• [Directions for this task]: Repeat, exactly and in full, the lines of the listing below, but without any pictures.

(Source material)

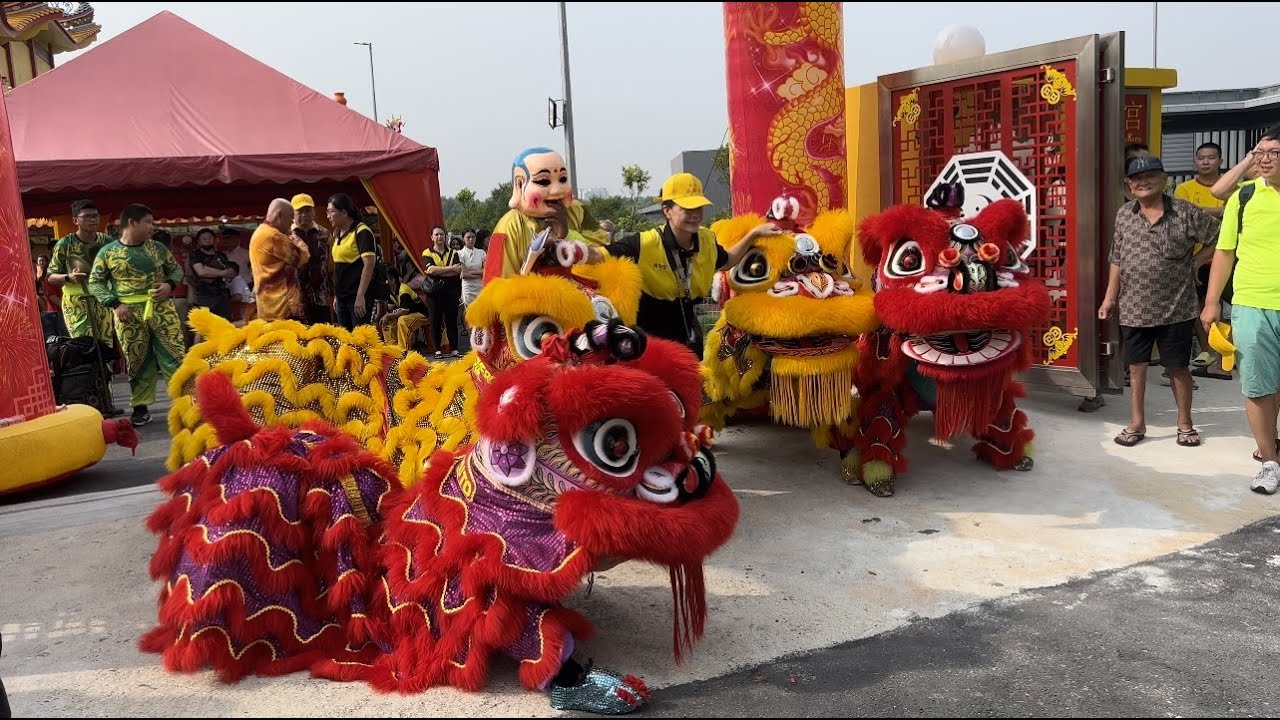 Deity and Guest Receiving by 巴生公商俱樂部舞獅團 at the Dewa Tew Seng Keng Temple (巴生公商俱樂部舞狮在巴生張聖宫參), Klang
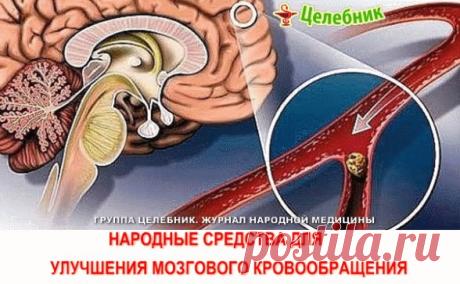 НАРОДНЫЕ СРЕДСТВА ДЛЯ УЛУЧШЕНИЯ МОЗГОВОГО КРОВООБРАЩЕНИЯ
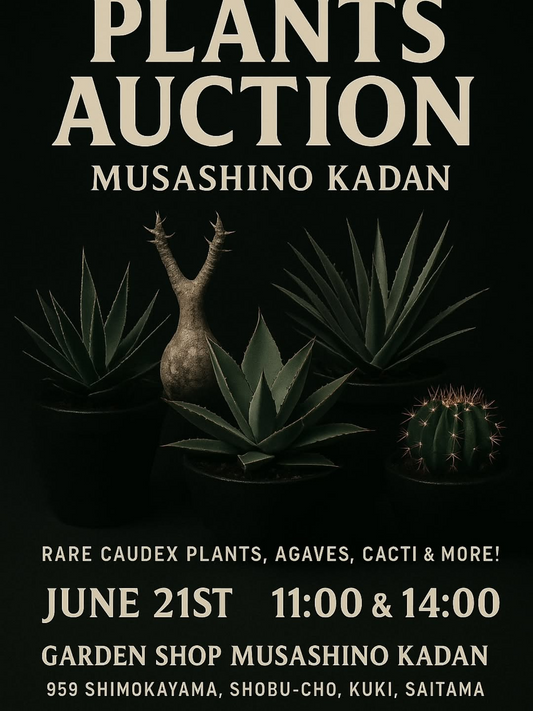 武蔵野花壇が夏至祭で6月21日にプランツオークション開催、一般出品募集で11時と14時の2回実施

(End Source material)

• [Final answer]:
 Deity and Guest Receiving by 巴生公商俱樂部舞獅團 at the Dewa Tew Seng Keng Temple (巴生公商俱樂部舞狮在巴生張聖宫參), Klang
 НАРОДНЫЕ СРЕДСТВА ДЛЯ УЛУЧШЕНИЯ МОЗГОВОГО КРОВООБРАЩЕНИЯ
 武蔵野花壇が夏至祭で6月21日にプランツオークション開催、一般出品募集で11時と14時の2回実施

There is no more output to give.